Manuale per ricevere applausi, consensi e tanti elogi in tv. Prendere un argomento inviso a tutti, la politica e i suoi privilegi. Fare un discorso retorico, condito da banalità su banalità, usando parole chiave come casta e denaro pubblico, sventolando scontrini e documenti, criticando tutti inopinatamente senza un minimo di riflessione costruttiva. Quello che si è visto marcatamente prima con Enzo Iacchetti coi suoi video su Youtube, poi a Le Iene (Italia Uno) mercoledì sera e successivamente a Servizio Pubblico, la nuova creatura cross-mediale di Michele Santoro, sono lo specchio banale di un’indignazione giusta ma profondamente superficiale.
Partiamo dalle iene e dai monologhi anti-casta di Enrico Brignano.

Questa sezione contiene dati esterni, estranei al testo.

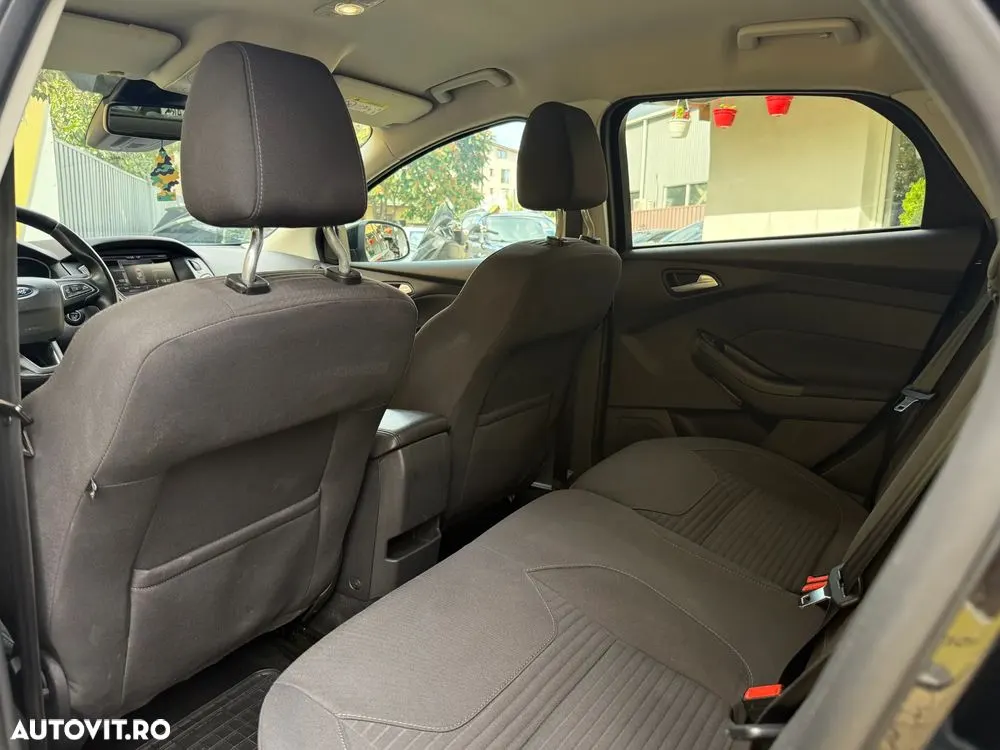 Ford Focus — fotografia 6
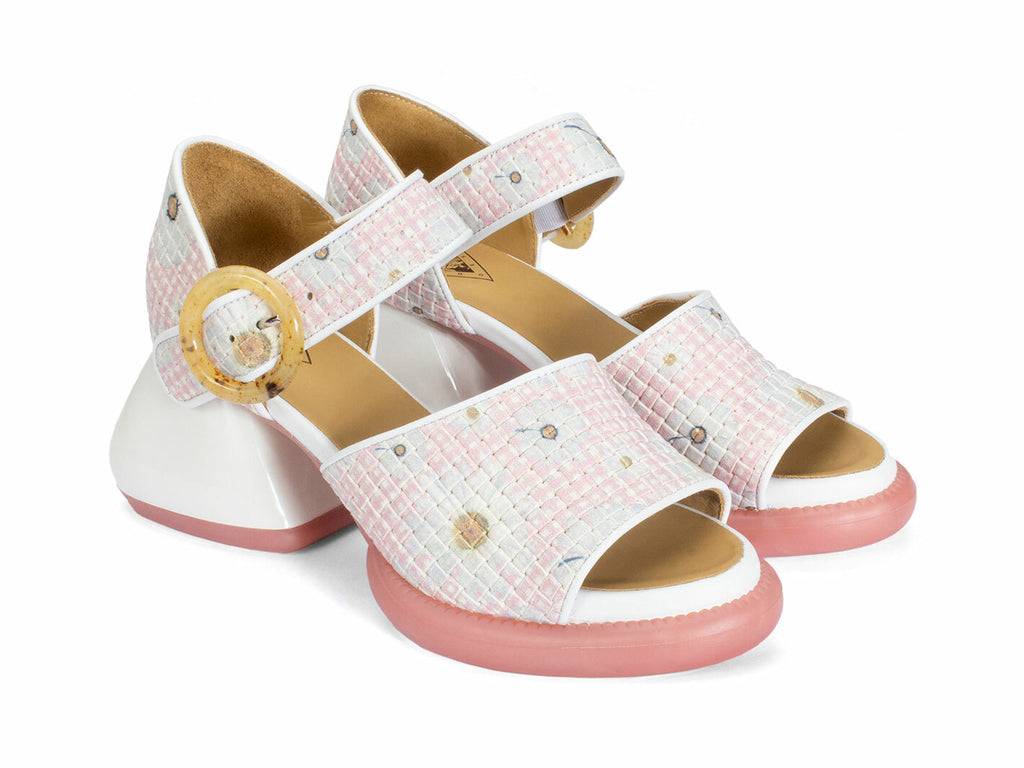 pink_daisy - Quarter view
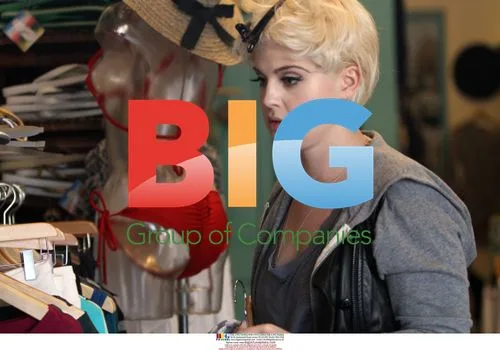 Kelly Osbourne goes swimsuit shopping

Dieci minuti circa dove con nomi e cognomi, riferimenti precisi e populismo dilagante, dove il nuovo conduttore del programma si scaglia contro gli sperperi della politica che danneggiano la gente comune. Concetto condivisibile e pienamente azzeccato, ci mancherebbe, ma ci sono due cose che stonano: il senso di mancata autorevolezza di chi parla e l’ovvietà di quello che si dice. Enrico Brignano è un comico, ma ci sono comici con dichiarata coscienza civile e comici che trovano in etichetta la parola più vicina ad etica. Lui rientra nella seconda schiera. Il curriculum di chi si piazza a fare l’indignato, seppur facendo la parte del personaggio vicino alla gente e ne fa parte, deve contare. Non si può dall’oggi al domani cambiare registro ed ergersi come voce dell’indignazione di punto in bianco, dopo aver fatto da protagonista in film di una demenzialità unica come Un’estate ai Caraibi, Sharm el Sheikh e compagnia bella. I tanti proclami, accompagnati da una violenza linguistica fuori luogo ma necessaria per nascondere le pochezze della riflessione fatta, non hanno nessun peso. Nel suo discorso, come in quello di Iacchetti su un video postato su Youtube, non c’è nessuna considerazione, nessuna critica costruttiva, nessuno spunto. Solo parole, parole e ancora parole che, alla fin dei conti, sono il giusto contraltare ai discorsi della politica. Vuoti e inconcludenti allo stesso modo.
Altro discorso va fatto per Michele Santoro e il suo Servizio pubblico, che ha debuttato giovedì sera dopo tanto clamore su un numero di tv locali, su Sky Tg24, sui siti internet di diverse testate importanti come Corriere della Sera e Repubblica. Qui si parla di Rivoluzione, di Indignazione e di tante altre belle cose, ma in perfetto stile Santoro con una faziosità incredibile. La cosa più brutta, a mio avviso, è stato cominciare con un “Caro Biagi, caro Montanelli” che è quanto di più paraculo, passatemi il termine, si potesse fare, citando due mostri sacri del giornalismo per dare autorità ad un programma che di equilibrato non ha nulla. Servizio pubblico è Anno zero senza confronto, senza dialettica (e già ce n’era poca) dove si può facilmente dire tutto e il contrario di tutto senza diritto di replica, facendo di tutta l’erba un fascio. Le scelte e le battute facili, che virano verso il populismo soprattutto col vignettista Vauro e le stoccate di Santoro e Travaglio, sono tante, troppe. E meno male che in studio c’erano Paolo Mieli, presidente RCS ed ex direttore di Stampa e Corriere della sera, e la coppia Gian Antonio Stella-Sergio Rizzo, apprezzati giornalisti del Corriere della sera, a dare logica e critica costruttiva al programma coi loro interventi.
Tutti parlano di indignazione e rivoluzione, di meritocrazia e trasparenza, di rivoluzione culturale. Giusto parlarne, sacrosanto discuterne, necessario farlo entrare nel dibattito pubblico. Ma c’è bisogno di tutto questo populismo? Va bene (fino ad un certo punto…) guadagnare il consenso facile da parte del pubblico, ma per fare le rivoluzioni culturali ci vuole tutt’altro.